Exercise requirements :: Write the listing below out again exactly, dropping the images.

Data excerpt ::
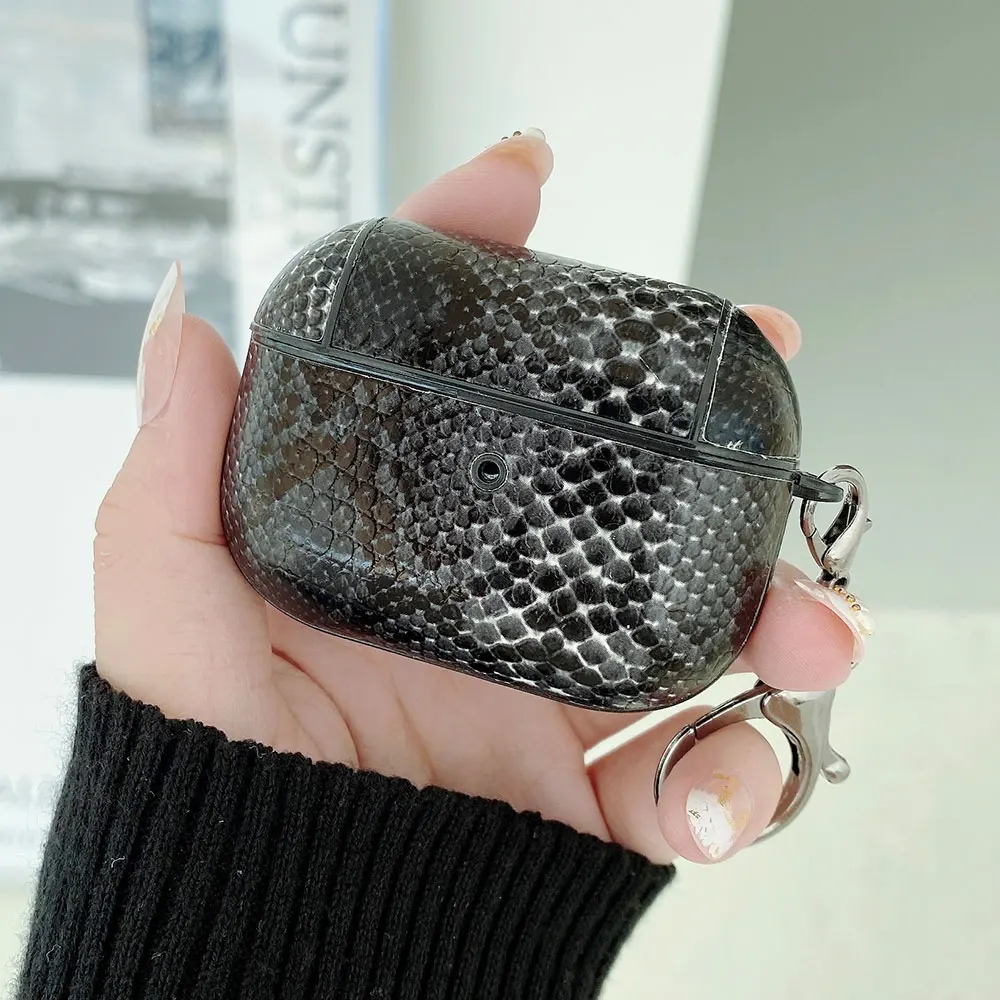 Роскошный чехол для наушников AirPods pro 2 3 1 с имитацией змеиной кожи
Роскошный чехол для наушников AirPods pro 2 3 1 с имитацией змеиной кожи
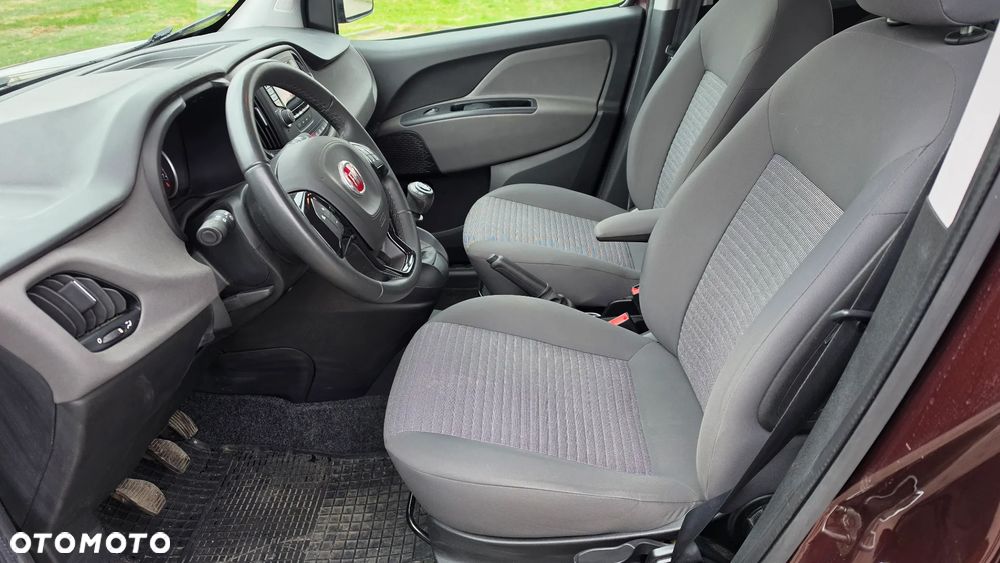 Fiat Doblo 1.4 T-Jet 16V Lounge - 11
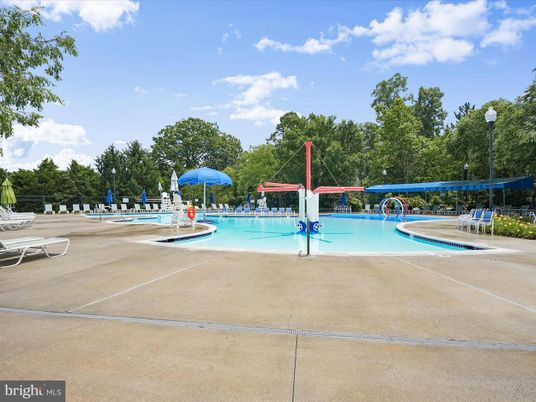 Exterior, Playground, Pool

Solved problem ::
 Роскошный чехол для наушников AirPods pro 2 3 1 с имитацией змеиной кожи
Роскошный чехол для наушников AirPods pro 2 3 1 с имитацией змеиной кожи
 Fiat Doblo 1.4 T-Jet 16V Lounge - 11
 Exterior, Playground, Pool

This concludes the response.